=== What the task asks ===
Only one stretch of the data below is wanted: the lines starting at the one with "CD-Wall4x4 - CD-Wall" and ending at the one with "Happy 100th Day", both included, given again exactly.
━━━ Records provided ━━━
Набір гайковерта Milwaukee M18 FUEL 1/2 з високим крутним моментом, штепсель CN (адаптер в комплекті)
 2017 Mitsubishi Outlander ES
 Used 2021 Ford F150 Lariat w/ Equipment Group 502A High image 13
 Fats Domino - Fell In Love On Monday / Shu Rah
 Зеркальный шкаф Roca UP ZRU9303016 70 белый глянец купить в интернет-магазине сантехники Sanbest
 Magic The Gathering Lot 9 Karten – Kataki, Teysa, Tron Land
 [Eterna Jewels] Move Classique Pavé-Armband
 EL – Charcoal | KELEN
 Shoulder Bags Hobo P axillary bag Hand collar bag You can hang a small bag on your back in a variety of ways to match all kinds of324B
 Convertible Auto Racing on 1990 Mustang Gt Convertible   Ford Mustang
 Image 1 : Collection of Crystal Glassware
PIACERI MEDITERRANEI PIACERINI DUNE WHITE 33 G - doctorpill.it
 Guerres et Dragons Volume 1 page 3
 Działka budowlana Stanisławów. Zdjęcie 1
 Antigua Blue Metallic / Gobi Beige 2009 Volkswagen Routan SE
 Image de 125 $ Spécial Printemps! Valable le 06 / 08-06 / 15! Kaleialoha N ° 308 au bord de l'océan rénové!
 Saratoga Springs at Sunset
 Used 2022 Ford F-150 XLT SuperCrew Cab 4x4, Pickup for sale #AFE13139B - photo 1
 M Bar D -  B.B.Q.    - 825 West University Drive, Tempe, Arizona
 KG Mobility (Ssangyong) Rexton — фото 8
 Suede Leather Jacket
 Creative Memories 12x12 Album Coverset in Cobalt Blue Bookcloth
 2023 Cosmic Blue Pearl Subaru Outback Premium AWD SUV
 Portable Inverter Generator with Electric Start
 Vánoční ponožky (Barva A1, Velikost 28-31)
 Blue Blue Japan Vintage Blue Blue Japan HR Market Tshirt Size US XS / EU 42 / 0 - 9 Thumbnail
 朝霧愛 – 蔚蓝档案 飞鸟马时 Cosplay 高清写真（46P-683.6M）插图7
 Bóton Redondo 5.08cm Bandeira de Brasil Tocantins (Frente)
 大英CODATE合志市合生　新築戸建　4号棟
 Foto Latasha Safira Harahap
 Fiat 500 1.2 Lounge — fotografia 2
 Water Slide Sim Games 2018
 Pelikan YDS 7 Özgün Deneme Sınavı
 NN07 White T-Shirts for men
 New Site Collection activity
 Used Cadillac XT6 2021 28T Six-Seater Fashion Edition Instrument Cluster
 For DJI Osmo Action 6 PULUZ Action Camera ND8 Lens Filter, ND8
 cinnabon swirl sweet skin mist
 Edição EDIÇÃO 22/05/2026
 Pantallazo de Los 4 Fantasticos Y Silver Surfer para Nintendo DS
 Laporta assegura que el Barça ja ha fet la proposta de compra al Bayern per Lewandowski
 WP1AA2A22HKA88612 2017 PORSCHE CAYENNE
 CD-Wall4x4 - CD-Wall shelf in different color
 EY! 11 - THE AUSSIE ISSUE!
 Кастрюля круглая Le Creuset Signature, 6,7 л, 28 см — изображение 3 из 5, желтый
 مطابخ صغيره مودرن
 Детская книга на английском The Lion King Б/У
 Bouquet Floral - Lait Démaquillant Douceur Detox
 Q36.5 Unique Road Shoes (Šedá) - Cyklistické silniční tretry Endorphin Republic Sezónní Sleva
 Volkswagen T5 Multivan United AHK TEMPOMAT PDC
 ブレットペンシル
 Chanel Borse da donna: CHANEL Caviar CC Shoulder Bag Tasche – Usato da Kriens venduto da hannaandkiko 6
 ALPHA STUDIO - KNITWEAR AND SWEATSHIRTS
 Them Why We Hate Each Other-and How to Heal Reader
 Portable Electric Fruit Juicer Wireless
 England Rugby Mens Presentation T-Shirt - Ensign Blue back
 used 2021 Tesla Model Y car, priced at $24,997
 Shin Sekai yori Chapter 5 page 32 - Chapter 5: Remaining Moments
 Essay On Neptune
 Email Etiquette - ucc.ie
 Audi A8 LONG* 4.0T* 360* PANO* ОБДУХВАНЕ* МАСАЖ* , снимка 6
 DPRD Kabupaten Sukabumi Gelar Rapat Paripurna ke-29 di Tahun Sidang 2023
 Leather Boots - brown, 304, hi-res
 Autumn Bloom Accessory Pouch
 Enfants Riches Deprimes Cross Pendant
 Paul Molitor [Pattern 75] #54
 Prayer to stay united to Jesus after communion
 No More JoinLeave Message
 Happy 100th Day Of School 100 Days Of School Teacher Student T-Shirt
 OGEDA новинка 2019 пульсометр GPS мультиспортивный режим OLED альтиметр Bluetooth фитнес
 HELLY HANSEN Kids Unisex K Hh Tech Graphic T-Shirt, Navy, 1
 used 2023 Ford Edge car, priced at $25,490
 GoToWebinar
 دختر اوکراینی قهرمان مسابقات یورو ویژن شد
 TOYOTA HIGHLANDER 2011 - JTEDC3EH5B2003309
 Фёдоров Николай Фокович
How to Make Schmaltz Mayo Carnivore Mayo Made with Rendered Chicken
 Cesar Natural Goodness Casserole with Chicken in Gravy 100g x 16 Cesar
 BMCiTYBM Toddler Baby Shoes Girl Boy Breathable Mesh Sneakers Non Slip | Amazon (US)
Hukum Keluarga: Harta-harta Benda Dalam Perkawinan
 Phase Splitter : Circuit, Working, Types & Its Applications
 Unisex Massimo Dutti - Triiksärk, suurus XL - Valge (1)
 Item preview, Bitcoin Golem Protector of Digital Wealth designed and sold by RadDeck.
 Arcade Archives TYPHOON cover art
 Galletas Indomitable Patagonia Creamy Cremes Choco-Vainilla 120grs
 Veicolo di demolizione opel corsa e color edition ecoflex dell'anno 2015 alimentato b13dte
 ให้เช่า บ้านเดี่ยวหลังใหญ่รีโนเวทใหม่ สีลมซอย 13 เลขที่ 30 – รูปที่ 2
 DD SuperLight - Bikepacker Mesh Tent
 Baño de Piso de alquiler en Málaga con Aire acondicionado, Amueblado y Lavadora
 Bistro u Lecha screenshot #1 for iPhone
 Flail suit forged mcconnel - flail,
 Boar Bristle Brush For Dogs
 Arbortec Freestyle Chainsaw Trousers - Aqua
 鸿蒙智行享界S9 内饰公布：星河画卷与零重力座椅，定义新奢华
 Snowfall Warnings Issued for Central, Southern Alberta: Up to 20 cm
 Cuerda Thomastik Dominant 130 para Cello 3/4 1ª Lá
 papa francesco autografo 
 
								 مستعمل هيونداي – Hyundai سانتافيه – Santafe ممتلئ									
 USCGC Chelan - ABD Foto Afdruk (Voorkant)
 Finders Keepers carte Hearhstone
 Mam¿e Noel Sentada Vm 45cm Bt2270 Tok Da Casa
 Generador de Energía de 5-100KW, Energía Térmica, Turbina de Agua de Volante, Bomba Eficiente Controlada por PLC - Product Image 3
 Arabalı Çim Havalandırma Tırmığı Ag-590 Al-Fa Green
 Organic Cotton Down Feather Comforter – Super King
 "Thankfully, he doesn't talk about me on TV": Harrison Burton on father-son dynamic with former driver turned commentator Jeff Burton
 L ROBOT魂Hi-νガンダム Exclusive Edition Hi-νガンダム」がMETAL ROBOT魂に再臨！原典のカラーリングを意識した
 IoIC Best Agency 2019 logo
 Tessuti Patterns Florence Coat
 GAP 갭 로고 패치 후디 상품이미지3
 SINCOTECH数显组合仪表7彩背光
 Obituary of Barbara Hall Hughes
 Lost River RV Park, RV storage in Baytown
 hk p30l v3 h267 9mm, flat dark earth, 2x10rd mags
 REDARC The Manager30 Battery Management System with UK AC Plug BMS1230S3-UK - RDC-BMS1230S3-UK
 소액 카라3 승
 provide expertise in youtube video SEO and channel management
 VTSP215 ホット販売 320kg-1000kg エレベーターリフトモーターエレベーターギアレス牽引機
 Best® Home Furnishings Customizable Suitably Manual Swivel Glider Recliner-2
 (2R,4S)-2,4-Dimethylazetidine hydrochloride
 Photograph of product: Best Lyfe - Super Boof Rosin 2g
━━━
=== Answer ===
 CD-Wall4x4 - CD-Wall shelf in different color
 EY! 11 - THE AUSSIE ISSUE!
 Кастрюля круглая Le Creuset Signature, 6,7 л, 28 см — изображение 3 из 5, желтый
 مطابخ صغيره مودرن
 Детская книга на английском The Lion King Б/У
 Bouquet Floral - Lait Démaquillant Douceur Detox
 Q36.5 Unique Road Shoes (Šedá) - Cyklistické silniční tretry Endorphin Republic Sezónní Sleva
 Volkswagen T5 Multivan United AHK TEMPOMAT PDC
 ブレットペンシル
 Chanel Borse da donna: CHANEL Caviar CC Shoulder Bag Tasche – Usato da Kriens venduto da hannaandkiko 6
 ALPHA STUDIO - KNITWEAR AND SWEATSHIRTS
 Them Why We Hate Each Other-and How to Heal Reader
 Portable Electric Fruit Juicer Wireless
 England Rugby Mens Presentation T-Shirt - Ensign Blue back
 used 2021 Tesla Model Y car, priced at $24,997
 Shin Sekai yori Chapter 5 page 32 - Chapter 5: Remaining Moments
 Essay On Neptune
 Email Etiquette - ucc.ie
 Audi A8 LONG* 4.0T* 360* PANO* ОБДУХВАНЕ* МАСАЖ* , снимка 6
 DPRD Kabupaten Sukabumi Gelar Rapat Paripurna ke-29 di Tahun Sidang 2023
 Leather Boots - brown, 304, hi-res
 Autumn Bloom Accessory Pouch
 Enfants Riches Deprimes Cross Pendant
 Paul Molitor [Pattern 75] #54
 Prayer to stay united to Jesus after communion
 No More JoinLeave Message
 Happy 100th Day Of School 100 Days Of School Teacher Student T-Shirt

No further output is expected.